Self-Expressive and Data-Selection Methods for Heterogeneous Graphs: Methods such as FreeHGC (Liang et al., 20 Dec 2024) and HGC-Herd (Ou et al., 8 Dec 2025) use meta-path-based feature propagation, submodular coverage/diversity maximization, and class-wise herding to provide efficient, training-free condensation for richly typed graphs.

4. Domain Extensions: Inductive Inference, Multi-Label and Heterogeneous Graphs

Graph condensation frameworks have been generalized for more demanding scenarios:

Inductive Condensation with Node Mapping: MCond (Gao et al., 2023) introduces a learnable, sparse node mapping from original to condensed graphs, enabling full inductive inference on $G'$ alone, even in the absence of the original large graph at test time. The mapping is trained via reconstruction and embedding losses that ensure new nodes are faithfully embedded via the synthetic graph, yielding orders-of-magnitude speedups in inference and large reductions in memory requirement.
Multi-Label Condensation: Multi-label settings, with one node associated with multiple labels, necessitate improved synthetic dataset initialization and loss functions. The benchmark (Zhang et al., 23 Dec 2024) shows that K-Center initialization, together with probabilistic label assignment and binary cross-entropy loss, preserves distributional diversity and matches multi-label statistics.

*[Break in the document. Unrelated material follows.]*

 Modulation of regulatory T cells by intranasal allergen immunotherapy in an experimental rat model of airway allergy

Empirically, GCond + K-Center + BCE achieves state-of-the-art F1-micro scores across diverse large-scale multi-label graph datasets.
Heterogeneous Graphs: FreeHGC (Liang et al., 20 Dec 2024) reformulates condensation as data-selection via meta-path coverage and diversity maximization, with greedy submodular optimization offering a $(1-1/e)$ approximation. HGC-Herd (Ou et al., 8 Dec 2025) applies lightweight feature propagation along meta-paths and class-wise herding for prototype selection, ensuring balanced, semantically faithful coresets suitable for training Heterogeneous GNNs.

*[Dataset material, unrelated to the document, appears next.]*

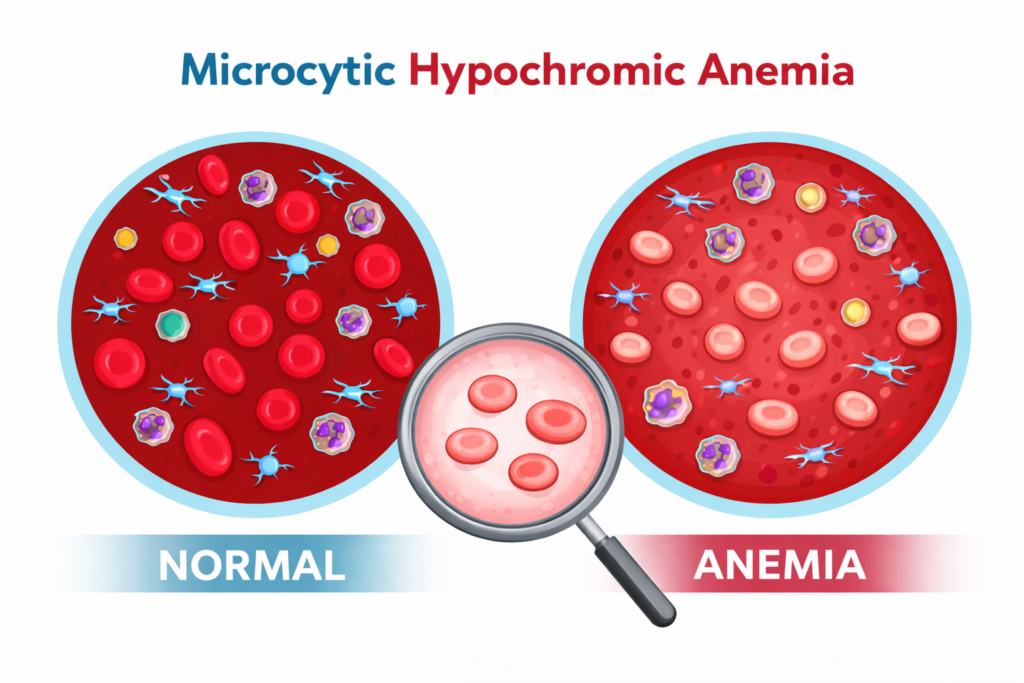 Comparison of normal red blood cells and microcytic hypochromic red blood cells seen in iron deficiency anemia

5. Robustness, Generalization, and Condensation under Distribution Shift

Robustness to noise and structural corruption, as well as adaptation to dynamic or evolving graphs, are current frontiers in graph condensation:

Noise-Robust Condensation: RobGC (Gao et al., 19 Jun 2024) injects a label-propagation-based denoising loop into any existing condensation pipeline, optimizing the edge reliability matrix and refining both the original and condensed graphs. This joint condensation-denoising strategy ensures that the synthetic graph encodes only the “clean” signal, substantially improving resilience to random or adversarial structural noise.
Open-World and Evolving Graph Condensation: OpenGC (Gao et al., 27 May 2024) models time-dependent embeddings and residual shifts to synthesize “future” environments representative of open-world evolution, with invariant risk minimization (IRM) ensuring robustness to distributional drift. GECC (Gong et al., 24 Feb 2025) and BiMSGC (Fu et al., 23 Dec 2024) further address dynamic scalability and multi-scale requirements: GECC provides efficient incremental condensation by retaining and updating cluster centroids, and BiMSGC introduces an information-bottleneck-based meso-scale condensation strategy with bi-directional learning, simultaneously supporting small-scale and large-scale synthetic graphs without degradation or collapse.
Generalization Across Architectures and Tasks: Distribution-matching objectives such as the MMD-based GCDM (Liu et al., 2022) and task-agnostic pre-training via optimal transport and hybrid-interval graph diffusion (Yan et al., 18 Sep 2025) yield condensed graphs that can be used for arbitrary downstream tasks (including node regression and unsupervised clustering) and across a wide range of GNN architectures, eliminating the brittle “overfitting” to a single relay model observed in older bi-level pipelines.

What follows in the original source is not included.